Is Sir Martin Sorrell, chief executive of WPP, justified in defending his £12.9m pay deal?


Jeffrey Rosen

WPP believes in rewarding performance. Sir Martin Sorrell’s compensation is 85 per cent performance related, with a five year co-investment plan which rewards only superior performance and requires him to take a financial risk rather than benefit from one-way options. Sorrell has no notice period, thereby ensuring no reward for failure. The group’s operations are truly global – across 108 countries – with less than 10 per cent of its revenues and profits being in the UK. We have therefore benchmarked primarily against our international competitors, but have also gone further in respect of ensuring as high a percentage of the package as possible is in the form of shares that have to be held for either a minimum of two years, as in the short-term investment plan, or tied up for five years, in the co-investment plan. We believe this gives an overall package wholly aligned with shareowners.

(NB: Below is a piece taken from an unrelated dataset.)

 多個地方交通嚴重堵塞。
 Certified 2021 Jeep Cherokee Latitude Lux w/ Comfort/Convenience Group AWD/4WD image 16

Jeffrey Rosen is chairman of WPP’s compensation committee.


Alan MacDougall

Shareholders need to be aware of the individual circumstances of each company, and many will want to take a view of executive remuneration that takes account of this. However, companies also frequently argue that they face unique circumstances, and use the need to pay the market rate to justify large hikes. If shareholders accede to large increases in base pay, and maximum awards under incentive schemes, at every company that makes these arguments, then there is a danger that rewards across the board are artificially, and significantly, inflated. In addition, the dangerous divide between boardrooms and the rest of society will widen ever further. WPP can’t be surprised at shareholder opposition to changes to its remuneration policy. In the current environment, these were always going to be controversial. That is why we have recommended our clients vote against the remuneration report.

Alan MacDougall is managing director of Pirc.